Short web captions
* * *

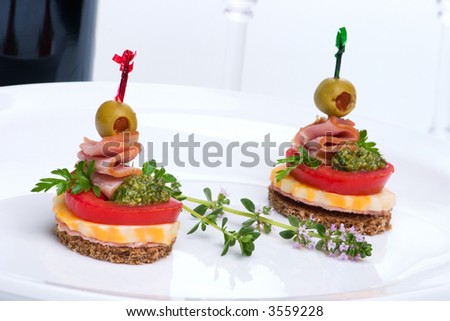 Closeup of two delicious Pesto cheese and ham canapes-sandwiches made from Pesto, cheese, ham, tomato and olive served with red wine in background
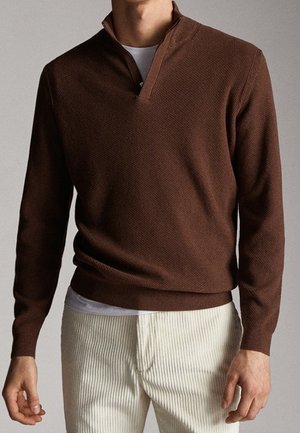 Mand iført en brun kvart-zip sweater over en hvid undertrøje kombineret med off-white teksturerede bukser mod en ensfarvet baggrund.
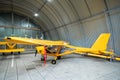 Yellow airplane glider in the hangar. Royalty Free Stock Photo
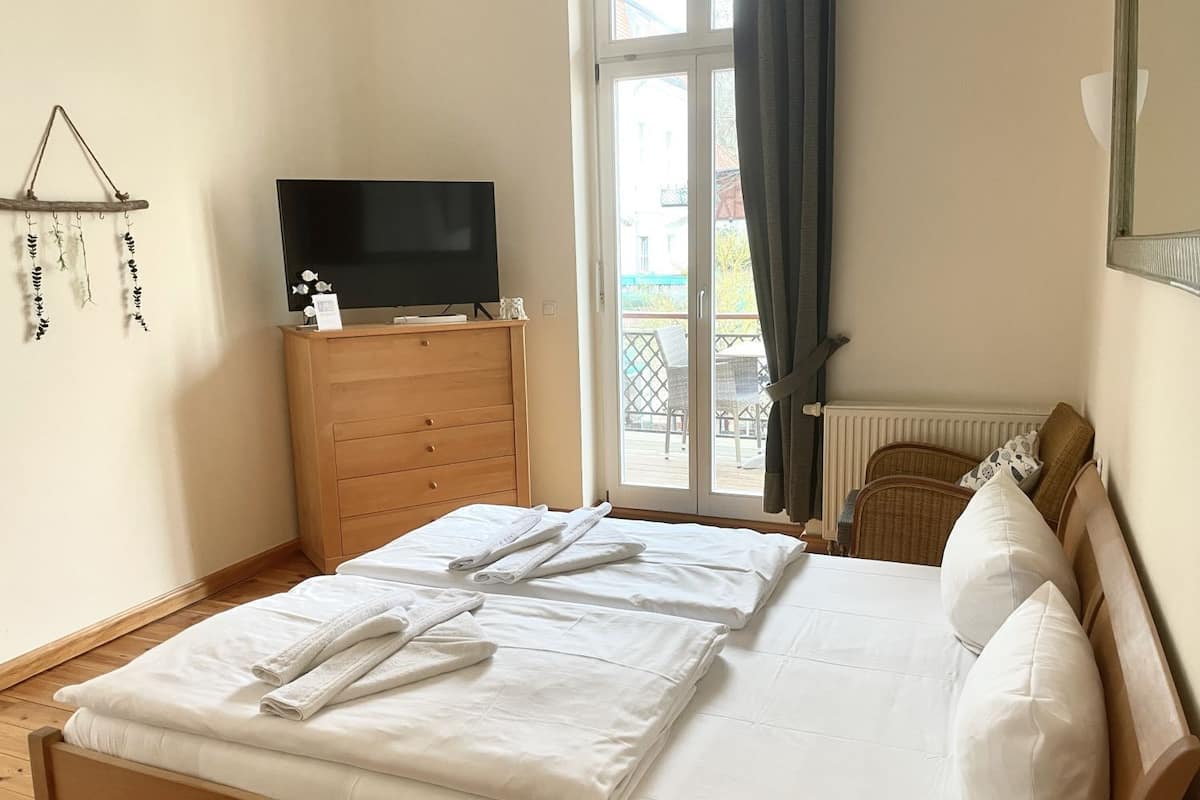A neatly made bed with white linens and towels, a wooden dresser with a television on top, and a window with a view of the outside.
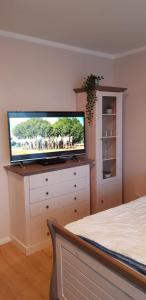 a bedroom with a flat screen tv on a dresser at Ferienwohnung Steffens Scharbeutz in Scharbeutz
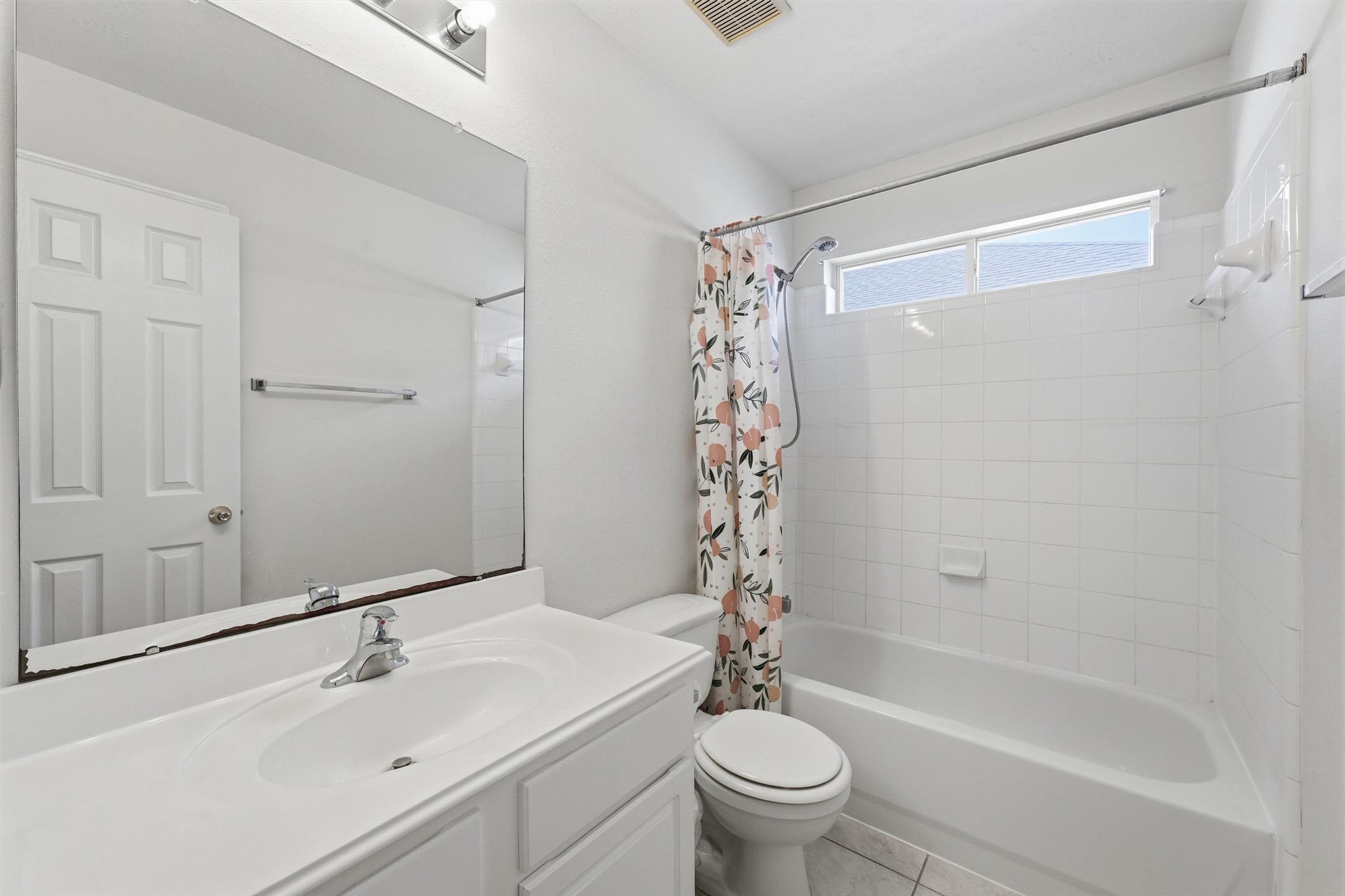 Bright and inviting bathroom featuring a clean, white vanity, spacious mirror, and a tub-shower combination with a floral curtain.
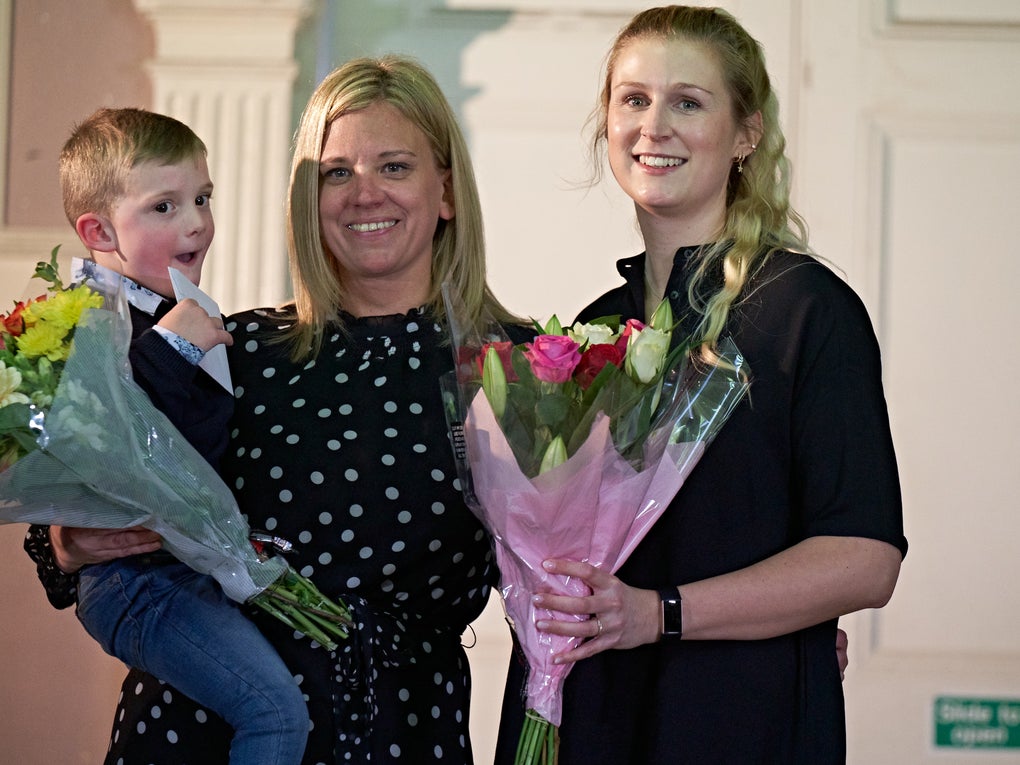Alfie with his Mum and Christin holding flowers when they met for the first time Alfie with his Mum and Christin holding flowers when they met for the first time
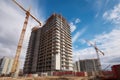 construction site with towering crane, working on high-rise building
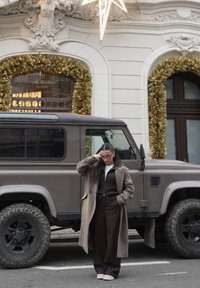 Véhicule utilitaire sport vintage gris garé le long d'une rue ; orné de décorations de vacances dorées ; une personne en manteau et pantalon marron se tient à proximité.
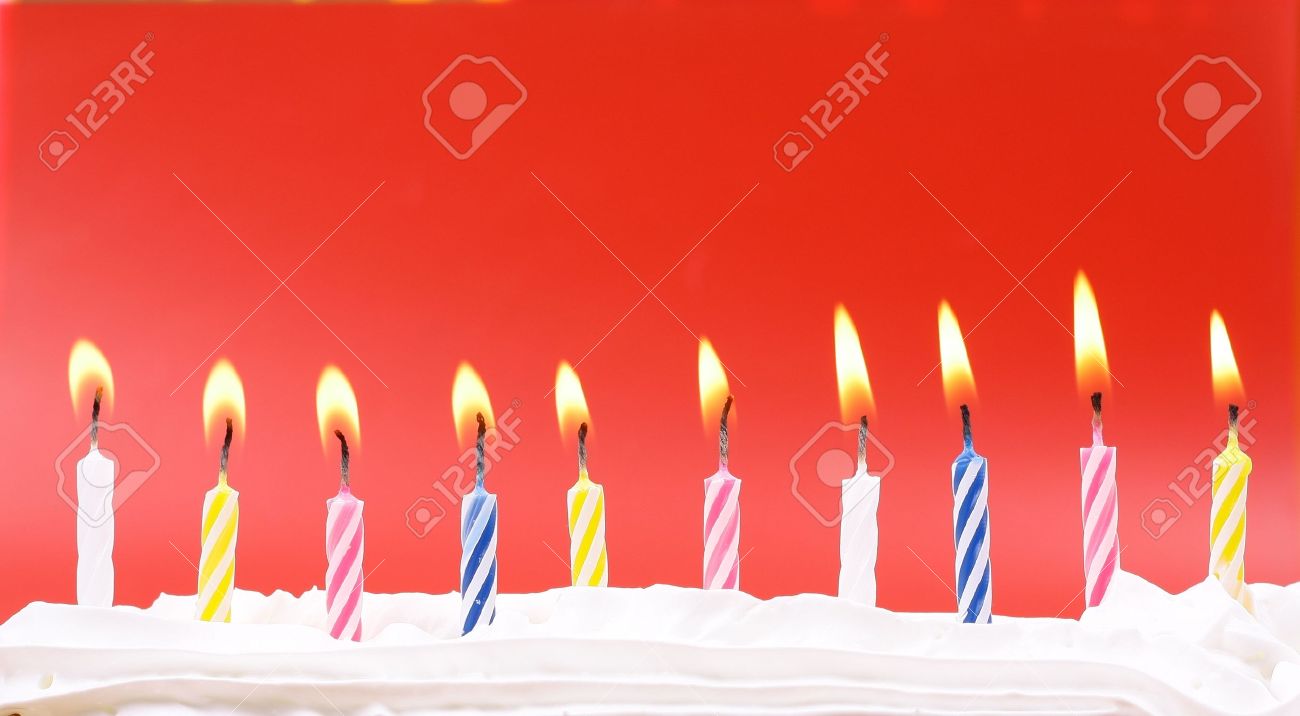 10 lit birthday candles in bright colors with red background stock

* * *

• [Work to complete]
Nothing but the records, copied exactly and stripped of pictures, should be returned.

• [Task result]
 Closeup of two delicious Pesto cheese and ham canapes-sandwiches made from Pesto, cheese, ham, tomato and olive served with red wine in background
 Mand iført en brun kvart-zip sweater over en hvid undertrøje kombineret med off-white teksturerede bukser mod en ensfarvet baggrund.
 Yellow airplane glider in the hangar. Royalty Free Stock Photo
A neatly made bed with white linens and towels, a wooden dresser with a television on top, and a window with a view of the outside.
 a bedroom with a flat screen tv on a dresser at Ferienwohnung Steffens Scharbeutz in Scharbeutz
 Bright and inviting bathroom featuring a clean, white vanity, spacious mirror, and a tub-shower combination with a floral curtain.
Alfie with his Mum and Christin holding flowers when they met for the first time Alfie with his Mum and Christin holding flowers when they met for the first time
 construction site with towering crane, working on high-rise building
 Véhicule utilitaire sport vintage gris garé le long d'une rue ; orné de décorations de vacances dorées ; une personne en manteau et pantalon marron se tient à proximité.
 10 lit birthday candles in bright colors with red background stock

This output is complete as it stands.